Bright Horizons said in its most recent annual report that “increased competition” for workers, particularly for teaching staff, could slow its growth and hurt enrollment at its centers. “We may continue to experience difficulty in attracting, hiring and retaining qualified teachers due to tight labor pools,” the company said.

Rutter at her home in Port Angeles.
Rutter at her home in Port Angeles.
Grant HIndsley for HuffPost

Rutter said that by the time she left Bright Horizons, she was earning about $20 per hour, or the equivalent of a $42,000 annual salary ― a sum that didn’t go far in Seattle, famous for its high cost of living. (Rutter now lives in Port Angeles, Washington.)

While her center was closed, Rutter says Bright Horizons offered her a position at a day care center that remained open in a different part of the city. But she said she was reluctant to work there because the commute was farther and the parking costs would eat into her earnings. She returned to her regular center once it reopened later in 2020, and she left the company the following year.

Bright Horizons has full-service child care centers, but it also contracts with employers to provide backup care for their employees. The company says it has around 650 child care centers in North America. (Bright Horizons provided backup care to HuffPost employees, including this reporter, while the site was owned by Verizon.)

HuffPost does not know of any instances where Bright Horizons demanded $5,000 of a family for poaching a worker. Rutter said she first heard of the policy during employee orientation after she was hired, saying she remembers it was mentioned briefly.

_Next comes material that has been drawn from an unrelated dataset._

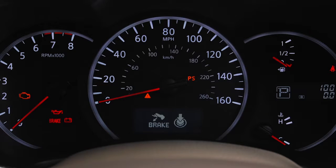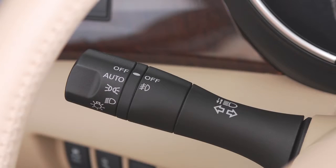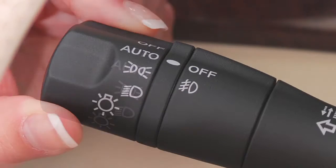Your instrument panel lights up whenever the ignition is on and the parking lights or the headlights are on or in the auto position.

Agreements that restrict competition for workers have come under intense scrutiny over the past decade, primarily from Democratic officials. Last year, President Joe Biden signed an executive order encouraging the Federal Trade Commission to go after clauses that “may unfairly limit worker mobility.” Those efforts have been spurred on by outrageous examples of noncompetes, such as the one at Jimmy John’s, where some stores used a clause forbidding workers from leaving to work at a competing sandwich shop.

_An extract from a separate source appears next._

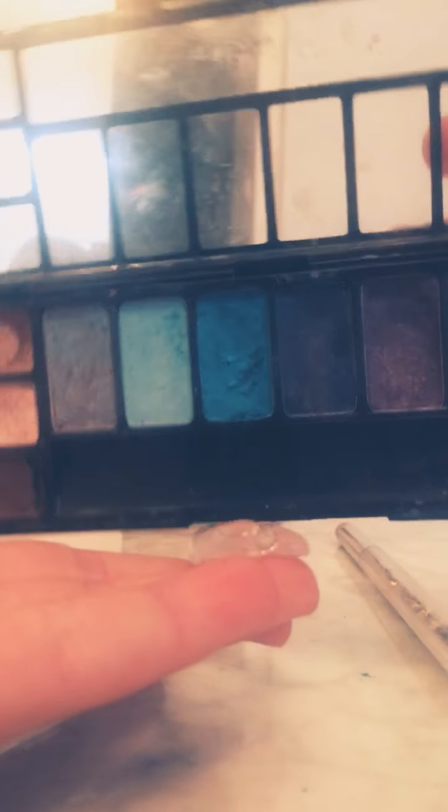So this is my clear slime. I'm just going to grab a brush — I'm using the end of my brush — and scraping up the color. Then I'm just taking my slime and pulling it on there.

Employers often defend such agreements on the grounds that they must protect their investment in workers’ training. But Rutter claims in her lawsuit that Bright Horizons “invests substantially less than $5,000 per childcare worker” through such costs, saying that workers “sit through self-guided, standardized training modules.”

Rutter is seeking damages for workers like herself to cover, among other things, the higher wages she believes they would have earned if there were no such agreements. As it is, Rutter said, child care workers don’t get paid anywhere near what they’re worth.

“There was that brief minute early in the days of the pandemic when a lot of teachers were like, ‘Wow, they’re finally going to see the value of what we do and things will be different,’” she said. “It did not happen the way we all hoped.”